What will you do?
- Design, deploy, and operate Kubernetes clusters across AWS, Azure, and GCP. Optimize cluster performance, ensure high availability, and implement robust security practices.
- Build and maintain cloud-native infrastructure components (load balancers, networking, storage, etc.) to support applications running on Kubernetes. Leverage Infrastructure as Code (IaC) with Terraform to automate and manage infrastructure provisioning and configuration.
- Embrace GitOps principles using ArgoCD to automate deployments and configuration changes and ensure consistency between the desired and actual system state.
- Establish comprehensive monitoring, logging, and alerting systems to gain insights into platform health and performance. Troubleshoot incidents swiftly and apply SRE principles to improve reliability and resilience.

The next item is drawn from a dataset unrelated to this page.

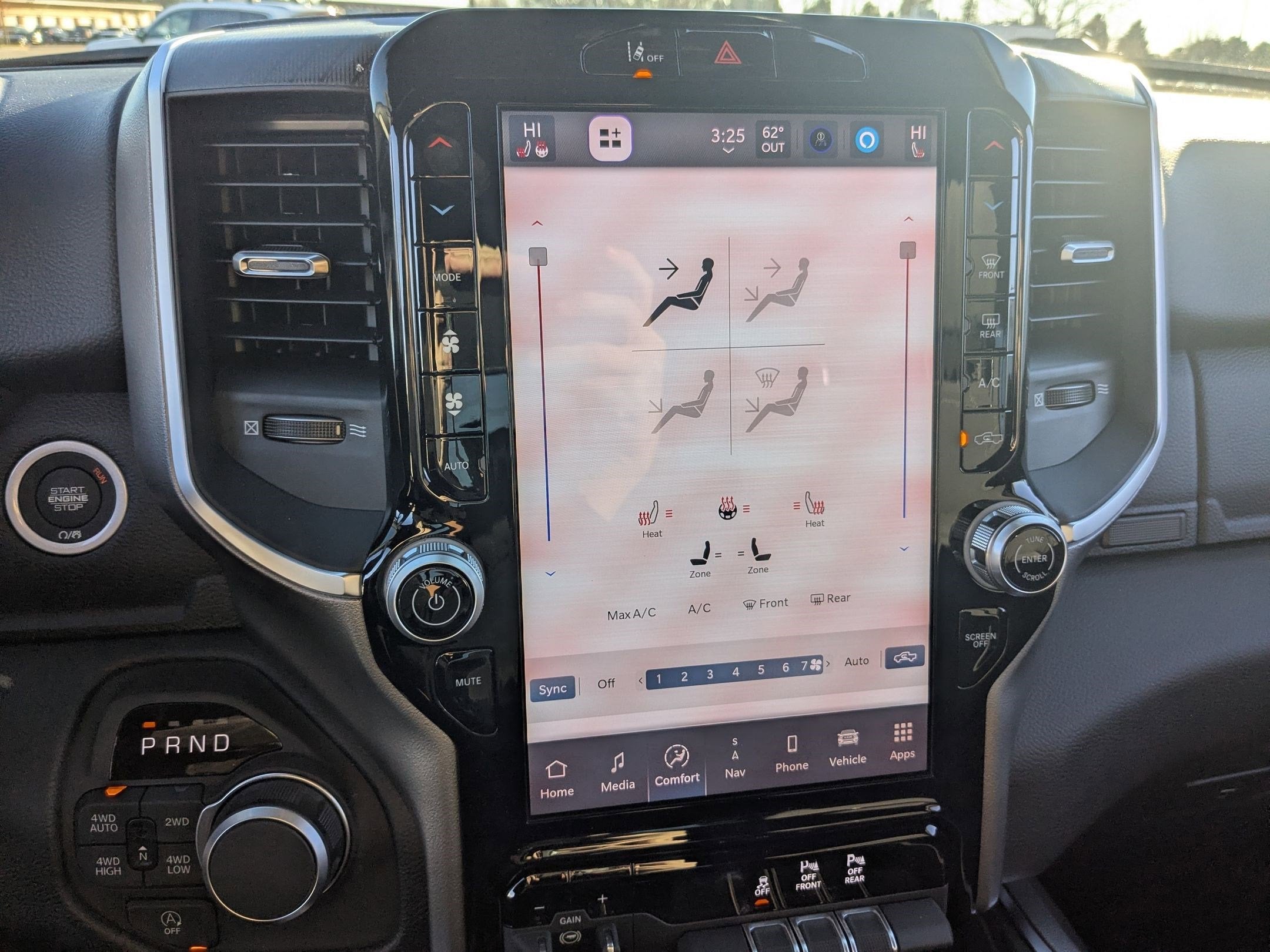 2026 RAM 1500 RAM 1500 BIG HORN CREW CAB 4X4 5'7' BOX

- Develop automation scripts and tools (Python, Go, or other languages) to streamline workflows, eliminate manual tasks, and reduce operational overhead.
- Partner closely with development teams to understand their needs, provide guidance on platform best practices, and enable smooth integration and deployment of their applications.
- Implement and maintain stringent security measures for Kubernetes and cloud environments, ensuring compliance with industry standards and data protection regulations.
- Analyze resource usage and implement optimization strategies to maximize performance while controlling cloud costs.
- Participate in an on-call rotation, troubleshooting and resolving production issues promptly.
What makes you a match?
- 3+ years of experience working with Kubernetes in production environments. Deep understanding of cluster operations, networking, storage, and security within Kubernetes.
- Strong knowledge of AWS, Azure, and GCP, including core services, networking concepts, and security best practices.
- Proven experience implementing GitOps workflows with ArgoCD and managing infrastructure using Terraform.
- Fluency in at least one programming language (Python, Go, Java) for automation, scripting, and tool development.
- Familiarity with SRE practices like SLOs (Service Level Objectives), error budgeting, and blameless postmortems.
- Excellent analytical and troubleshooting skills to identify and resolve issues in complex cloud environments.
- Ability to communicate effectively with development, operations, and security teams to drive cross-functional initiatives.
- Ability to work from 8.30 PM to 5.30 AM IST to provide coverage for US time zones.